My first meeting is with Jonathan Kingsley in his capacity as the parliamentary and policy manager for Muscular Dystrophy UK. Amongst other things we go over the PIP assessment process that is resulting in so many people losing their Motability allowance. This meeting underlined what I already knew, that so many people are being unfairly deprived of their independence by a system that clearly doesn’t work. My last meeting of the day was with Declan O’Mahony who happens to be a Director of Motability. It’s fair to say he shares my concerns. But I am delighted that they are changing the rules with regard to removing someone’s car and plan to extend it to up to 24 weeks which should allow time for a full review and appeal process. Motability are taking the financial hit, not the government.


PMQs and a surprisingly upbeat Prime Minister given her disastrous election and grubby deal with the DUP. And just to make matters worse the leader of the opposition, Jeremy Corbyn was back to his monotonous worst. It’s one thing wowing an audience of festival goers at Glastonbury but it’s quite another holding your own at the ballot box. I am the Vice Convenor of the all party parliamentary group on fixed odd betting terminals and we reconvened for this parliamentary session all the more determined to force the government to impose a maximum two pounds bet per spin.
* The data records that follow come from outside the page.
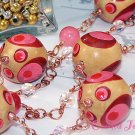 "FUNKY RETRO" Necklace & Earring Set - FREE SHIPPING!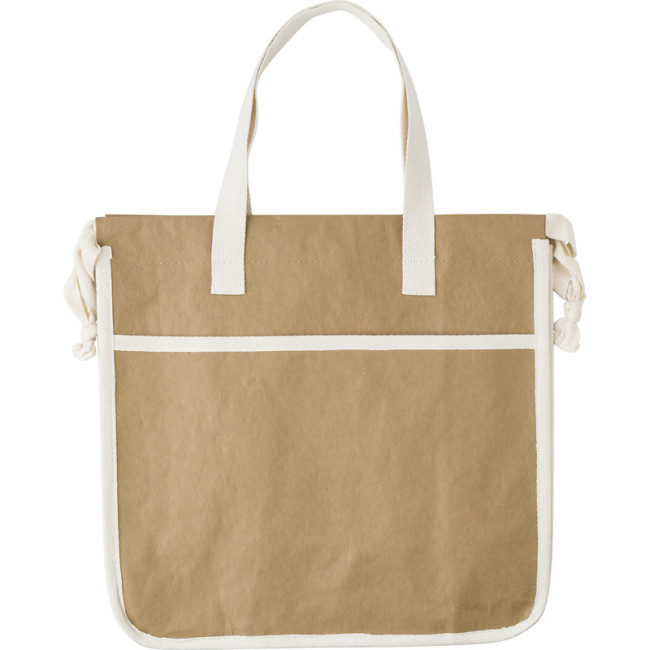 Custom Printed Kraft Shopping Bag - Image 2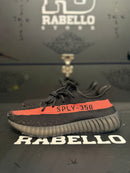 Tênis Yeezy Boost 350 v2 Core Black Red - Pronta Entrega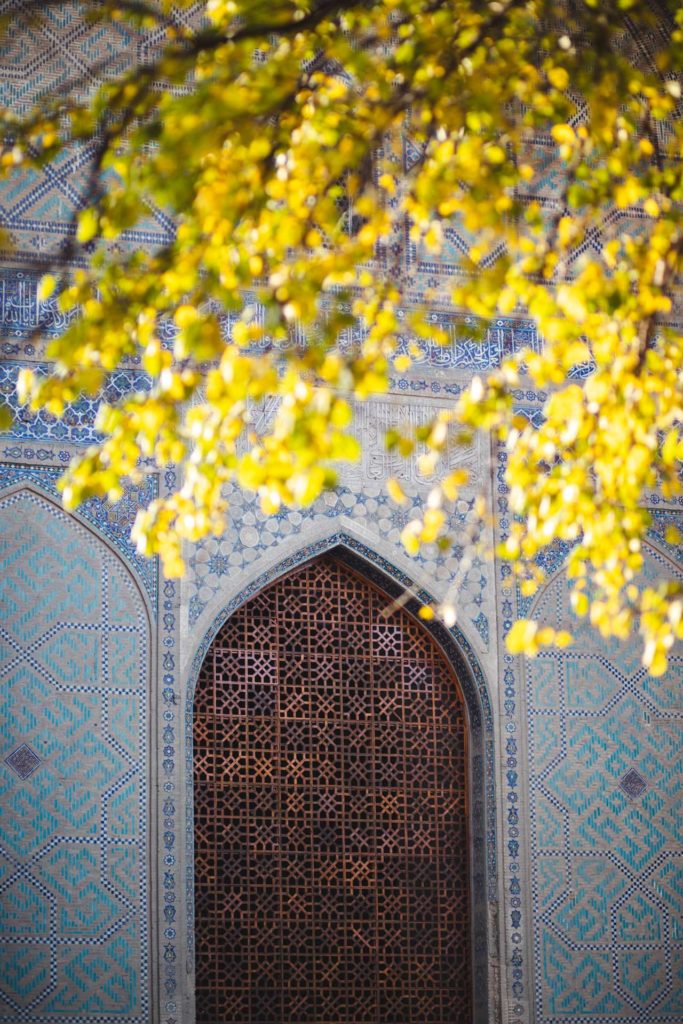 bibi khanum samarcande Ouzbékistan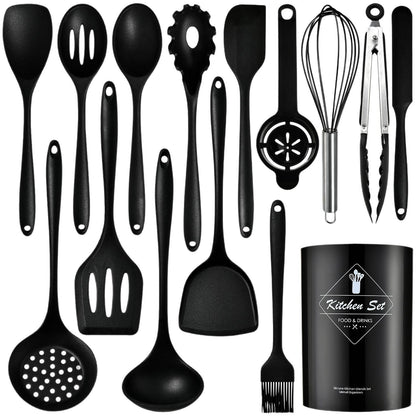 silicone kitchenware set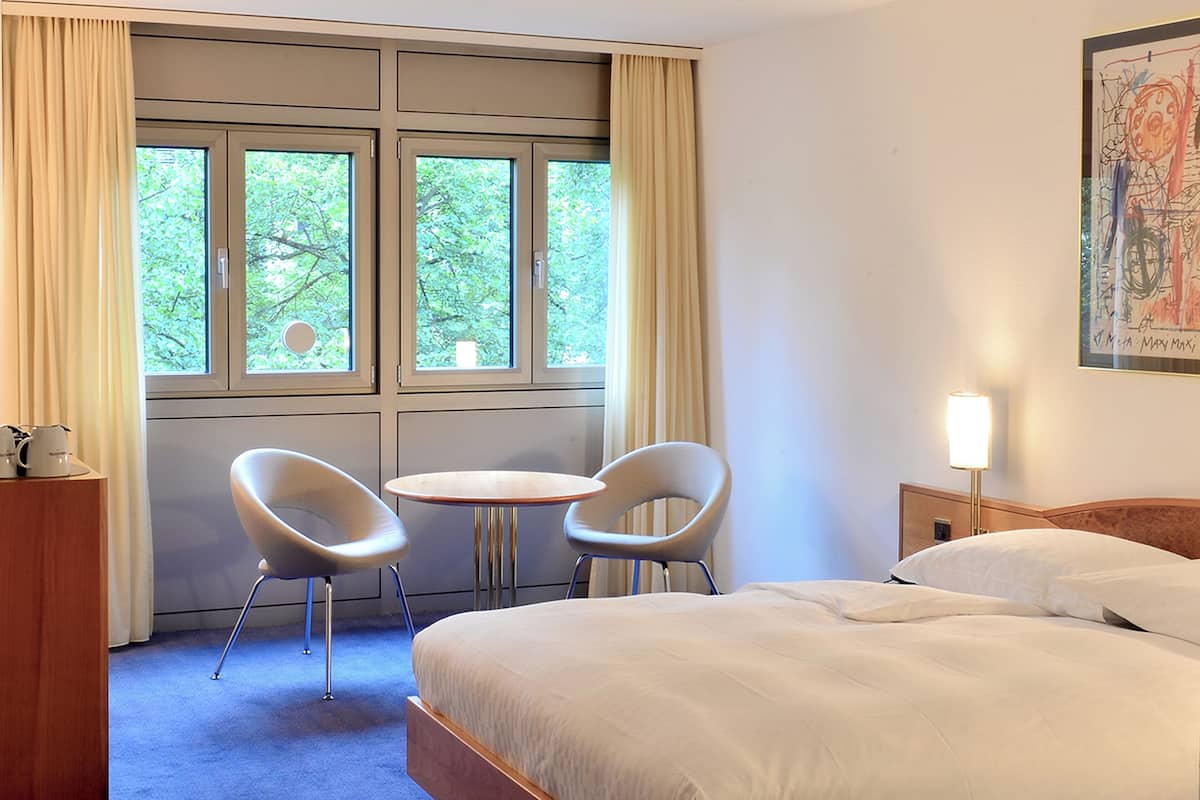 Standaard kamer | 1 slaapkamer, een kluis op de kamer, gratis wifi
It’s taking longer than we hoped but we will get there.


The morning started at 8:30am with an event hosted by the Trussell Trust to highlight the work they do and in particular their management of food banks. I was in the chamber for questions to the Department of Culture Media and Sport as question 9 was about fixed odd betting terminals. The plan was to get in on the back of that but the best laid plans of mice and men came unstuck as the speaker stopped at Question 8 and my plan was thwarted. Talking of mice, their big cousins the rats are still terrorising me in the yard behind my office that I cross to get to Parliament. I am sure they have grown since last week. I had a meeting with the transport policy team and we discussed aspects of transport from trains to space ports.

In the afternoon I attended a seminar with the title ‘Power and People in the UK Constitution’. It was attended and contributed to by representatives from the Electoral Reform Society, universities, local governments, MPs and various constitutional lobby groups. That may sound like a recipe for a long boring afternoon but in fact these seminars provide a platform for open honest discussion without political point scoring and as a result they are invigorating and rewarding. They motivate me to do my job better. There were votes at the end of the day on the Queens speech and I caught the 8:30pm flight home.


Busy day with constituents, the Inverclyde food bank, the Ardgowan distillery and Riverside Inverclyde. Busy and typical of the range and diversity that makes mine such a great job.